If I could get the motor off the pump, I could determine the impeller size for sure (and potentially replace the motor with a 1.65THP single speed motor I just happen to have sitting here) and that would be a fine stopgap solution. I had not considered the possibility of putting a VS motor on that wet end (same issue about removing the existing motor applies..). The VGREEN mentions "compatibility with 3rd party automation systems" and looks to have a RS485 connector. I wonder if the Z4 will control it?

Supposing we never determine the current impeller size, based on my general description of the pool, would you steer towards a 2.7 VS that would run slower most of the time, or a 1.65 VS?
 
For a VSP, larger is always better for the reason you stated. I don't know what motor, other than on a Jandy pump, is compatible with your Z4.
The RS Jandy systems will control Pentair VSP (Intelliflo/Intellipro only, not Superflo). After that, it is very hard to get any data on what will work.
 
Upon further inspection, I have 3 breakers at the main panel running through conduit out to the pool pad: one 120v 15a and two 240v 15a circuits (pump & blower), all with 14ga conductors (5 hot, 1 neutral, 1 green that may be 12ga). The conduit run looks to be 130-140 feet from the panel. ...panel and pad are at opposite corners of the house basically.

The normal Intelliflo would require pulling new conductors and going 20a breaker; I'm not clear if the i1 or i2 variants are viable on my current wiring.

The Jandy FloPro 2.7 looks like it ought to work based off of max amps of 10.5a, although at this distance both the 2.7 and 1.85 variants spec 10AWG wire at 230VAC on a 15A breaker in the manual. It begs the question how I've been able to run any pump at all given the distance.
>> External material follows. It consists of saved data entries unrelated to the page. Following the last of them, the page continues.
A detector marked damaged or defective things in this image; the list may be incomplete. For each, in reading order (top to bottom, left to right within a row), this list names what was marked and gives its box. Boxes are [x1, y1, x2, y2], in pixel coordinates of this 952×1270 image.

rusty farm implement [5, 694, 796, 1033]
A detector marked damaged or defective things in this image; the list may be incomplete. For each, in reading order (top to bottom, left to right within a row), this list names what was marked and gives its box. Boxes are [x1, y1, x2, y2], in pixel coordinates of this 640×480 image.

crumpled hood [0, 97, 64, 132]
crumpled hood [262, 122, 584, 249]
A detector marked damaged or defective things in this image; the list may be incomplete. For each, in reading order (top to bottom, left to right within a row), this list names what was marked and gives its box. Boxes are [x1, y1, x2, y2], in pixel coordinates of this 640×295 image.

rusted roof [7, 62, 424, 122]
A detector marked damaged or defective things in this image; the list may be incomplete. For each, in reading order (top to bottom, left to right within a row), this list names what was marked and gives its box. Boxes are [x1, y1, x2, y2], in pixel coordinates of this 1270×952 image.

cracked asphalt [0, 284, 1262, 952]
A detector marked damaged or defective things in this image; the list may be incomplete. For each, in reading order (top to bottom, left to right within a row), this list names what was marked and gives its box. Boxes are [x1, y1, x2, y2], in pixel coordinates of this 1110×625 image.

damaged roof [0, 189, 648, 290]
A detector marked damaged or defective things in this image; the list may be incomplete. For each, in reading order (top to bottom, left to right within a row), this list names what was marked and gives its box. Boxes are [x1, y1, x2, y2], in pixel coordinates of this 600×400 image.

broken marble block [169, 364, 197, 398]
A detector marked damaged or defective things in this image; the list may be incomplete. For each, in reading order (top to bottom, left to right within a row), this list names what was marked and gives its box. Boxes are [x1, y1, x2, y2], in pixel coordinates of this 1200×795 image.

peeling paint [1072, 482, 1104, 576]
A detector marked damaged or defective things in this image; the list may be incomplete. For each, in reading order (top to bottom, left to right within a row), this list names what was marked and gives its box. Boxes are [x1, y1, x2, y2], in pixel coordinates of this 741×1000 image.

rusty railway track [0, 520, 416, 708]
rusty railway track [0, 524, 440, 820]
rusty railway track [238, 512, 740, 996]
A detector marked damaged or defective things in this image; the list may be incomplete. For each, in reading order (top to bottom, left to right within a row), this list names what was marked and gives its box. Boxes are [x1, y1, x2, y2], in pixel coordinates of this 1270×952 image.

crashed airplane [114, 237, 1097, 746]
Not sure the best thing to do here.
 
Recommended wire size based on load and distance are what should be followed for safety (smaller wire heats up faster in a long run with the same load), and the life of the equipment as the voltage drop at the end of a long run can cause the equipment to run a bit hotter.

That being said, I have seen 14g wire used in place of the recommended 12g for years with no major issues unless it is stranded.
 
The normal Intelliflo would require pulling new conductors and going 20a breaker; I'm not clear if the i1 or i2 variants are viable on my current wiring.

14AWG wire carries a maximum of 15 amps so you should be good with the IntelliFlo i2 for your wiring.

IntelliFlo i2 Variable Speed Pool pump is hydraulically engineered to provide maximum performance on a 15-amp breaker. It has a maximum rating of 11.8 amps, which makes retrofits easier in applications that are limited by existing wire gauge size.
 
Thanks folks. I appreciate the input. I wound up with an Intelliflo VSF, CCP520, and IC40. I made a couple threads specific to my implementation, which answer/confirm some of the ideas posted here. You might find them of interest.